**Task statement:** What you write must be the listing below in full, word for word, minus its pictures.

**Collected data:**
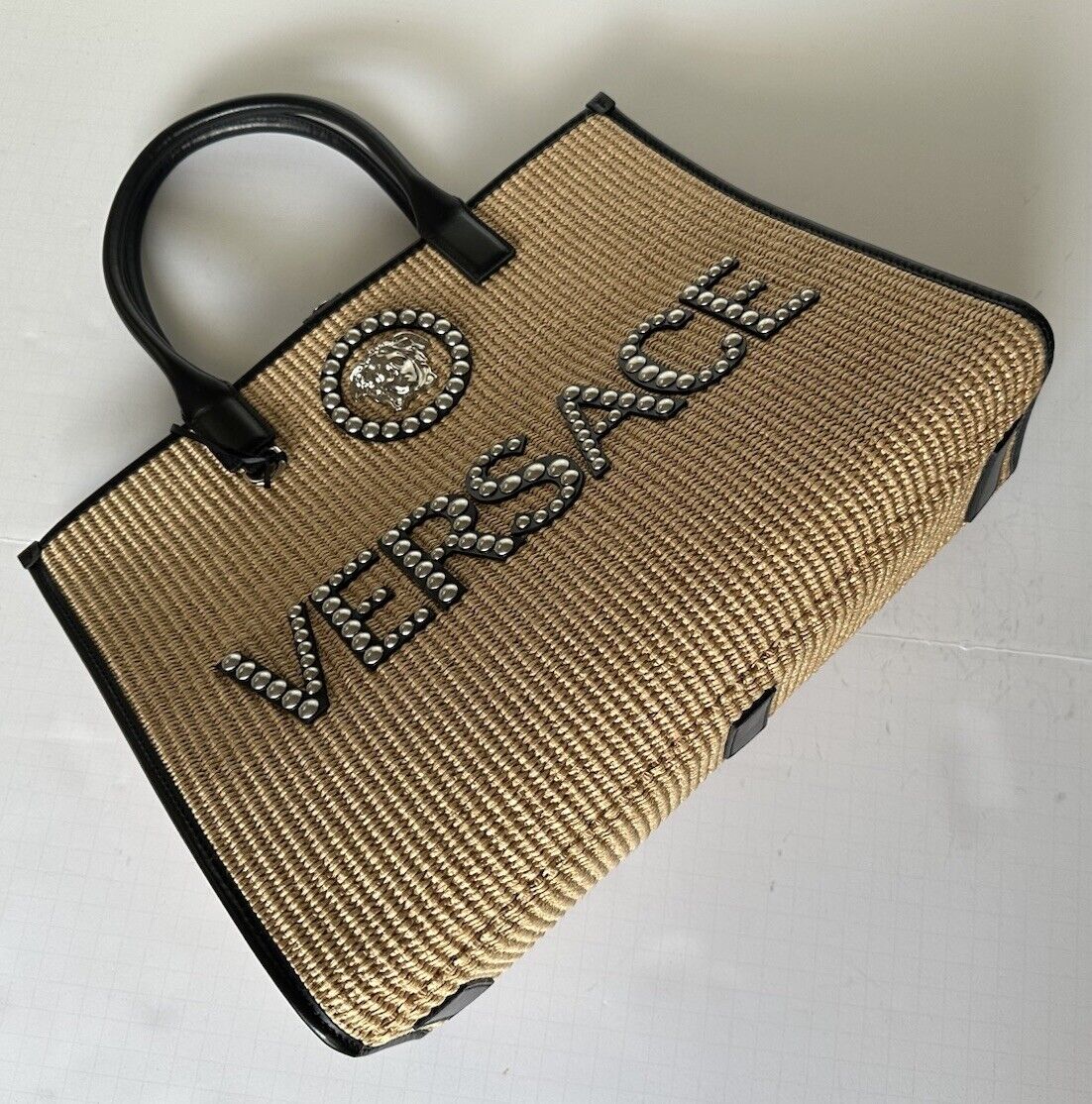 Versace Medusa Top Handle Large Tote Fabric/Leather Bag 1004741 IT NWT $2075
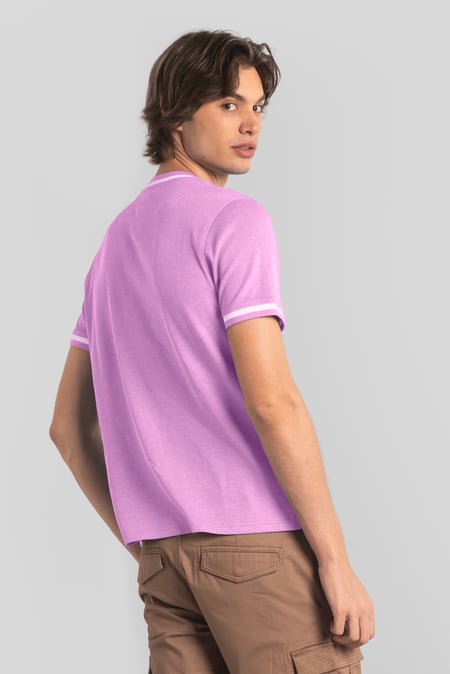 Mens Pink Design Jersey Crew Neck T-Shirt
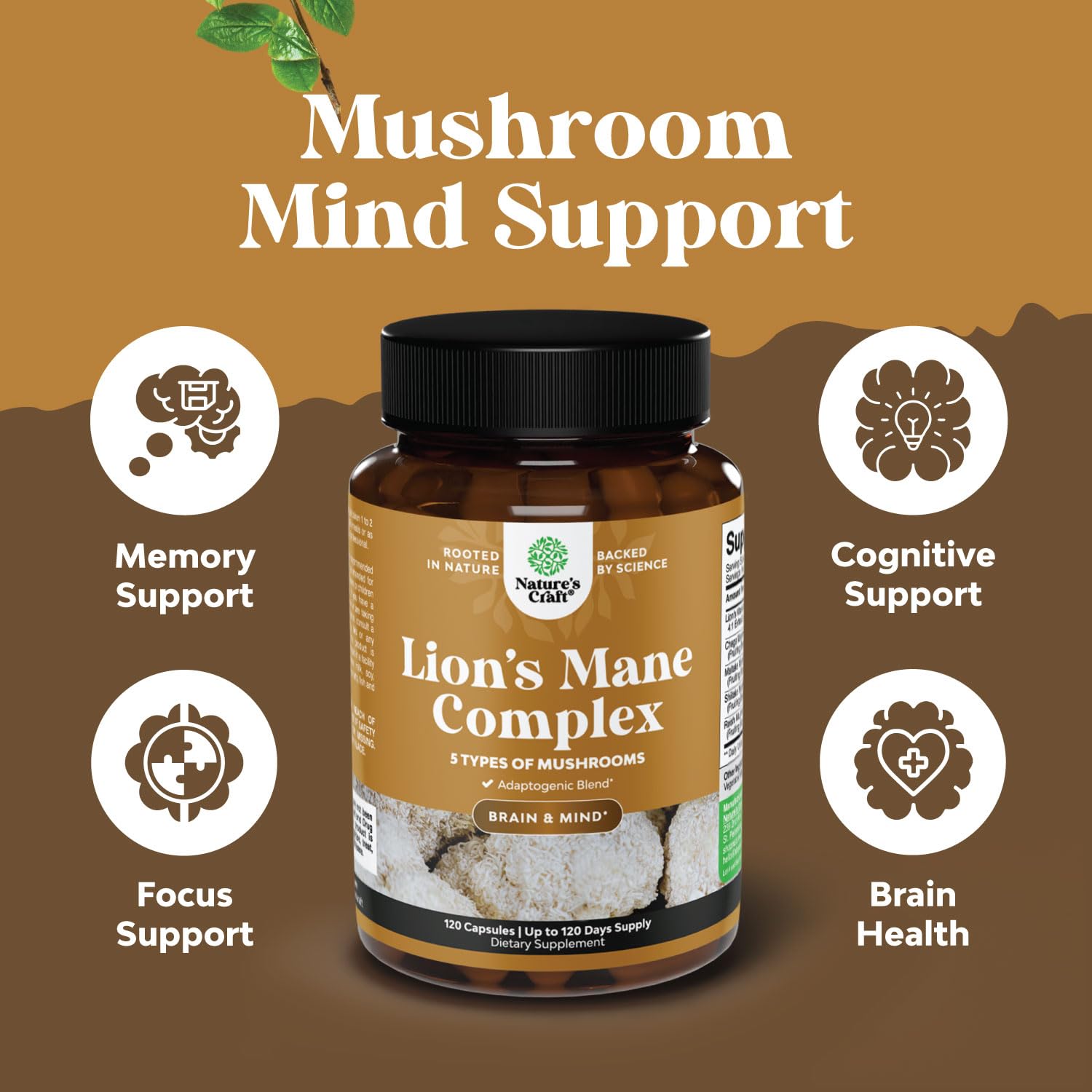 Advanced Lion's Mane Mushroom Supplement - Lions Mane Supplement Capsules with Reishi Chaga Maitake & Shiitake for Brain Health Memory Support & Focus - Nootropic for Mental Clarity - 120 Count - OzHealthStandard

**Output below:**
 Versace Medusa Top Handle Large Tote Fabric/Leather Bag 1004741 IT NWT $2075
 Mens Pink Design Jersey Crew Neck T-Shirt
 Advanced Lion's Mane Mushroom Supplement - Lions Mane Supplement Capsules with Reishi Chaga Maitake & Shiitake for Brain Health Memory Support & Focus - Nootropic for Mental Clarity - 120 Count - OzHealthStandard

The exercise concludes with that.